What if My Former Spouse is Not Following Their Custody Orders?
It’s always a stressful and frustrating experience when your ex-husband or ex-wife stops following the court’s custody orders, and you may be tempted to retaliate by withholding alimony or child support. However, violating your alimony or support orders will only make the situation worse, and could even lead to you being criminally charged with contempt of court. If your former spouse stops obeying the court’s custody orders, custody lawyer Darwin Overson can help you resolve the situation in a way that’s compliant with Utah’s laws.
If you’re trying to enforce a custody judgment, the appropriate course of action is to file a Motion for an Order to Show Cause. As part of Salt Lake County, West Valley City belongs to Utah’s Third District, which means your filing must be in accordance with Rule of Civil Procedure 101. Darwin Overson can help you navigate and comply with all applicable laws and court rules, so that you can feel confident about your filing.
Proving Your Ex Is an Unfit Parent: Terminating Parental Rights
Even in cases where one parent is awarded sole (primary) custody, the family court system still allows the non-custodial parent access to at least the bare minimum amount of parent time provided by state law. Therefore, if you’re worried that your child will not be safe and simply cannot be around your former spouse, you will want to terminate your former spouse’s parental rights. In order to have his or her parental rights terminated, you will need to prove to the courts that your ex-husband or -wife is what’s called an “unfit parent.”

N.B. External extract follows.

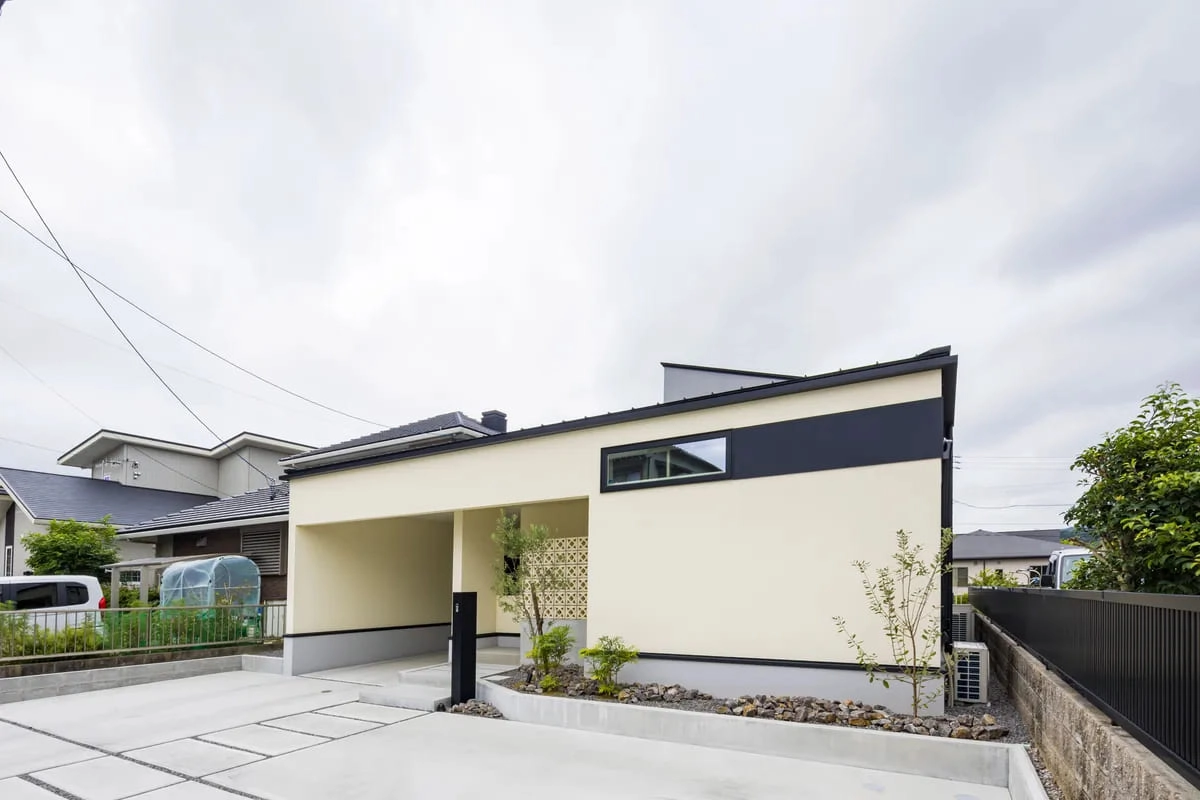 ベージュの壁に黒のラインが映えるモダンな平屋の外観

Under Section 78A-6-508 of the Utah Code, all of the following issues count as prima facie evidence, or evidence which must be refuted by the defendant, of grounds for the termination of parental rights:
- Failure to communicate with the child, by any means, for at least six months.

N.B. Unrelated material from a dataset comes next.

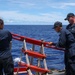 Sailors aboard the USS John Finn conduct a passenger transfer in the Philippine Sea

- Mental illness or intellectual disability which prevents the parent from providing appropriate care.
- “Habitual or excessive use of” drugs or alcohol (i.e. drug addiction or alcoholism).
- Any conduct constituting sexual, physical, or emotional/verbal abuse.
- Having a history of violent behavior.
- Deliberately exposing the child to pornography, or any other “material harmful to a minor.” Under the state’s laws, “material” could be anything from a drawing, to a movie, to a photograph, to a musical recording.
Generally speaking, a parent is not automatically considered unfit solely because he or she makes a medical decision for their child based on a religious belief. However, there is an exception to that rule in cases where it can be proven that the medical decision is not “reasonable and informed.”
If any of these issues are affecting your family, West Valley City child custody attorney Darwin Overson can help. To set up a free and confidential legal consultation, call our law offices at (801) 758-2287 today.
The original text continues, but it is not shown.